Chickasaw



The Chickasaw are a Muskogean-speaking American Indian group whose aboriginal homeland was located in present-day northeastern Mississippi. The Chickasaw, one of the socalled Five Civilized Tribes, numbered about five thousand in 1600 and about seven thousand in 1980.

By the nineteenth century the expansion of White settlement and resulting pressure on land and animal resources had forced the Chickasaw to abandon hunting and take up farming on a full-time basis. Continued White expansion and desire for the Chickasaws' land slowly pushed the group to give up their lands and migrate to Indian Territory (Oklahoma), a process that was completed by 1832. In 1906 the tribal governments of the Chickasaw and the other Civilized Tribes were dissolved by the federal government. In the 1980s the descendents of the Chickasaw located in Oklahoma numbered approximately seven thousand, and their tribal affairs were overseen by a tribal governor and ten-member advisory council.

The Chickasaw subsisted through a combination of hunting, fishing, gathering, and agriculture. Bison, deer, and bear were the most prized game animals, and hunting expeditions often took the Chickasaw men on long excursions throughout the Mississippi valley region.

Chickasaw society was characterized by a moiety organization, each half of which was divided into a number of exogamous matrilineal clans. Each moiety was headed by a priest whose primary responsibility was to oversee religious Ceremonies. Political leadership was vested in a head chief whose position was inherited within the leading clan and who was advised by a council of clan leaders and elders. At the bottom of Chickasaw society was a class of slaves taken in battles with neighboring tribes.

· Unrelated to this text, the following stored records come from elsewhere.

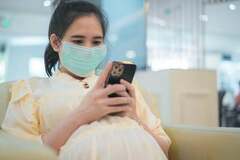 New Study Links COVID in Pregnancy to Autism Risk in Children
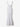 Retrofête Mujer Barcelona Vestido Punto Winona color Blanco sku 721-000857 01 - Foto 2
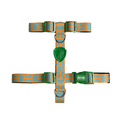 FreeFaro H Harness — Ipanema Collection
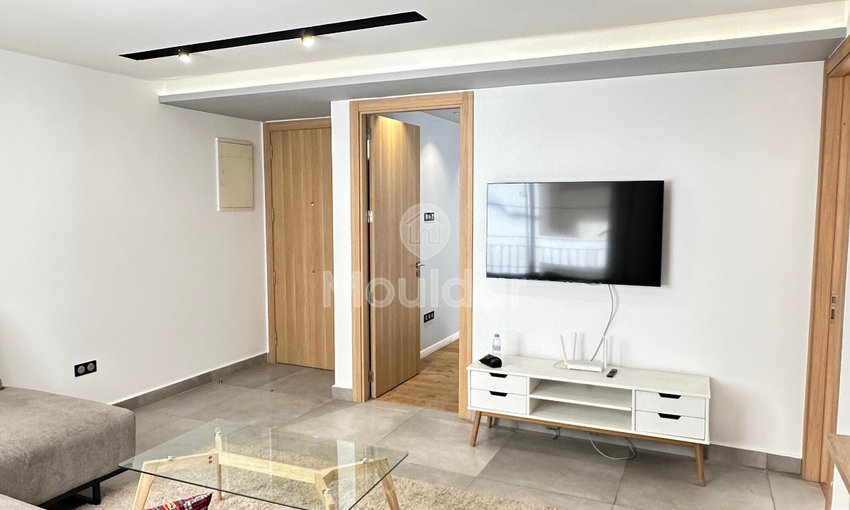 Appartement à louer à Casablanca, Gauthier - view 13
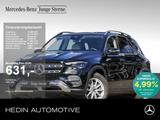 Mercedes-Benz GLE 450 d 4MATIC BURM|MBEAM LED|AMBIENTE|MBUX|LM - Mercedes-Benz GLE 450 in Hamburg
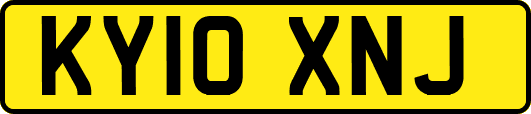 KY10XNJ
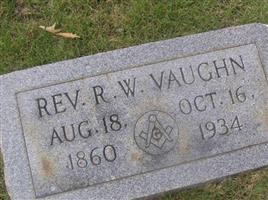 Rev Richard Wilson Vaughn (2395647.jpg)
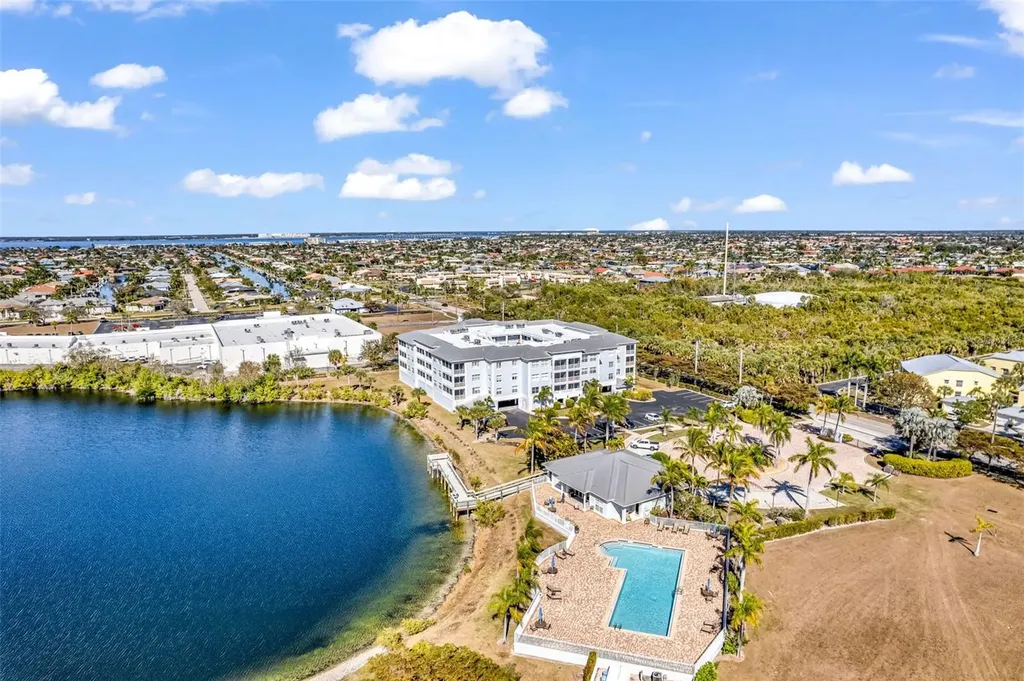 2001 Bal Harbor Boulevard Punta Gorda FL 33950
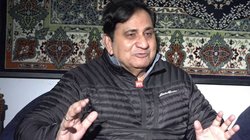 ‘मेरे घर पर हमला करने का आदेश…’, राहुल गांधी को ‘डरपोक’ कहने वाले शकील अहमद का बड़ा दावा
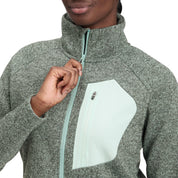 Fleecejacke ARLITA
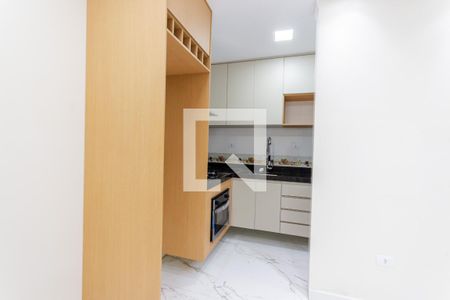 Apartamento para alugar com 47m², 2 quartos e 1 vagaCozinha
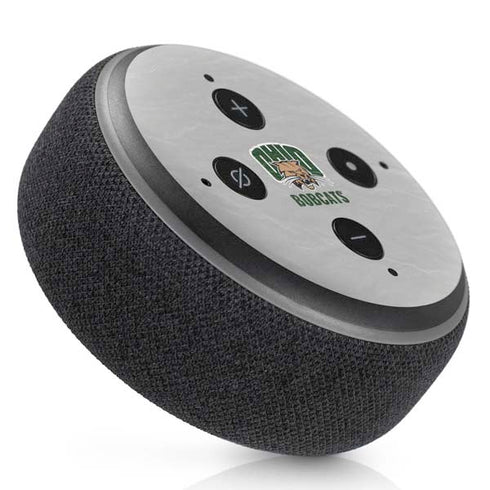 Ohio University Ohio University Bobcats Amazon Echo Dot Skin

The supreme deity of the Chickasaw was Ababinili, beneath whom there were numerous lesser deities, witches, and evil spirits. The Chickasaw believed that after death those who had led a good life found reward in the heavens, and those who were evil wandered endlessly in a land of witches.


Bibliography

Gibson, Arrell M. (1971). The Chickasaws. Norman: University of Oklahoma Press.

Kniffen, Fred B., Hiram F. Gregory, and George A. Stokes (1987). The Historic Indian Tribes of Louisiana: From 1542 to the Present. Baton Rouge: Louisiana State University Press.